Before: JONES, SILER and GODBOLD,*  Circuit Judges.


William R. Washington, a pro se Michigan prisoner, moves for counsel on appeal from a district court judgment denying his petition for a writ of habeas corpus filed pursuant to 28 U.S.C. § 2254. The case has been referred to a panel of the court pursuant to Rule 9(a), Rules of the Sixth Circuit. Upon examination, this panel unanimously agrees that oral argument is not needed. Fed. R. App. P. 34(a).

On March 23, 1987, Washington was convicted by a jury of first degree criminal sexual conduct. He was sentenced to a term of incarceration of 20 to 40 years. Washington made collateral attacks on his conviction and sentence within the Michigan state court system. He presented the three issues which he asserted in his habeas petition to all levels of the Michigan court system; therefore, he has exhausted his state court remedies for the purposes of federal habeas corpus review.

In his habeas petition, Washington claimed: 1) that the trial court committed reversible error by improperly instructing the jury; 2) that his sentence was disproportionate to the seriousness of the offense, for which he is entitled to resentencing; and 3) that his sentence violated the principle of proportionality, thereby constituting cruel and unusual punishment.

The matter was referred to a magistrate judge who issued a report recommending that the habeas petition be denied. Despite Washington's objections, the district court adopted the report and recommendation in an opinion and judgment dated May 5, 1994.

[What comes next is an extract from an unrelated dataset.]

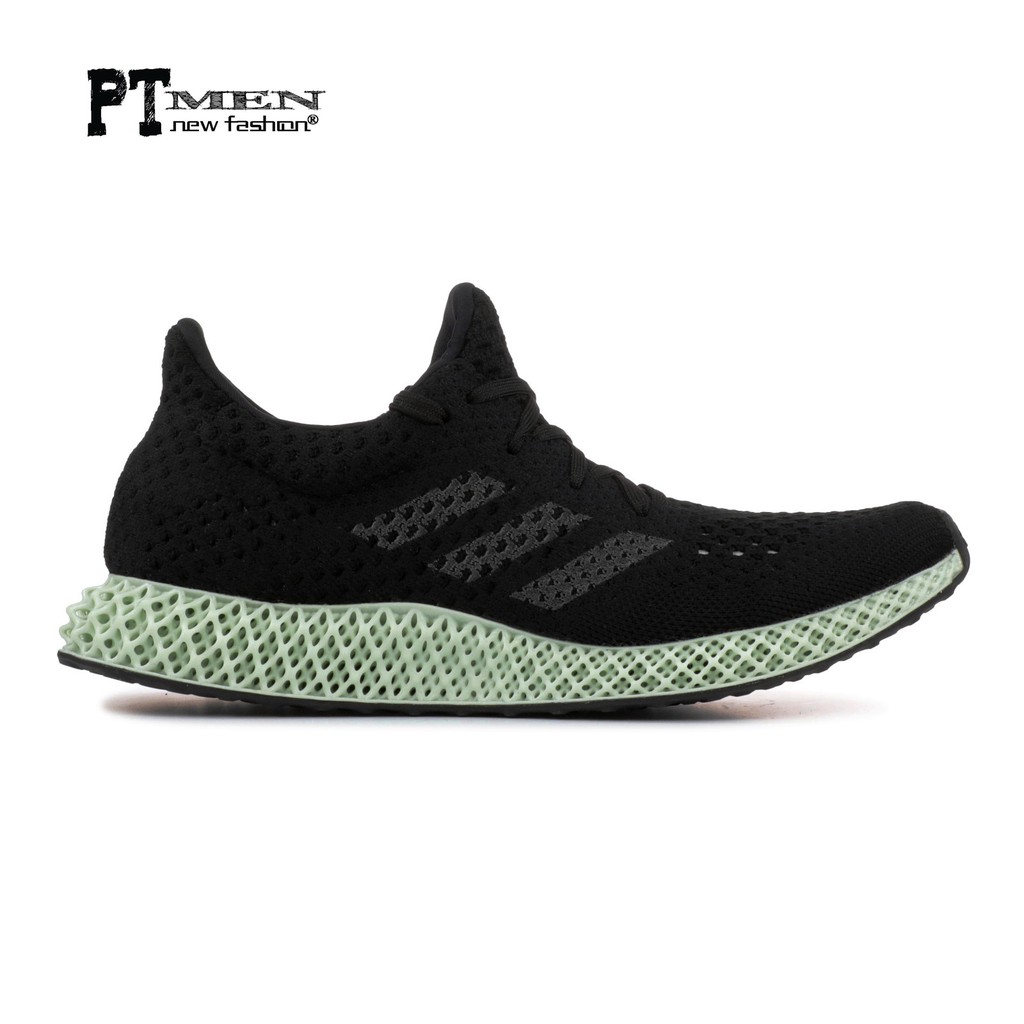 Giày Sneaker FutureCraft 4D Black/White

Initially, we note that Washington does not raise claims two and three above on appeal to this court; therefore, these claims are considered abandoned and will not be reviewed. Boyd v. Ford Motor Co., 948 F.2d 283, 284 (6th Cir. 1991), cert. denied, 112 S. Ct. 1481 (1992); McMurphy v. City of Flushing, 802 F.2d 191, 198-99 (6th Cir. 1986).

Upon review, we affirm the district court's judgment because Washington has not shown that he was denied a fundamentally fair trial. Wright v. Dallman, 999 F.2d 174, 178 (6th Cir. 1993); Williamson v. Parke, 963 F.2d 863, 865 (6th Cir.), cert. denied, 113 S. Ct. 264 (1992).

Washington claimed that the jury received an improper instruction on the elements of the offense of first degree criminal sexual conduct, and, therefore, his conviction violated due process of law. Washington argued that the living arrangement between himself, the victim, and her family did not constitute a "household".

In order for habeas corpus relief to be warranted on the basis of erroneous jury instructions, a petitioner must show more than that the jury instructions were undesirable, erroneous, or even universally condemned; he must show that the instructions, taken as a whole, were so infirm that they rendered the entire trial fundamentally unfair. Estelle v. McGuire, 112 S. Ct. 475, 482 (1991); Henderson v. Kibbe, 431 U.S. 145, 154 (1977); Wood v. Marshall, 790 F.2d 548, 551-52 (6th Cir. 1986), cert. denied, 479 U.S. 1036 (1987).

The Michigan Court of Appeals and the Michigan Supreme Court rejected Washington's argument that his living arrangement with the victim and her family did not constitute a household which would make his offense punishable as first degree criminal sexual conduct. The rulings by a state's highest court with respect to state law are binding on the federal courts. Wainwright v. Goode, 464 U.S. 78, 84 (1983) (per curiam); Smith v. Sowders, 848 F.2d 735, 739 (6th Cir.), cert. denied, 488 U.S. 866 (1988). Furthermore, as the Supreme Court has observed, "Today, we reemphasize that it is not the province of a federal habeas court to reexamine state court determinations on state law questions." Estelle, 112 S. Ct. at 480. This court defers to the state courts' interpretation of their own laws.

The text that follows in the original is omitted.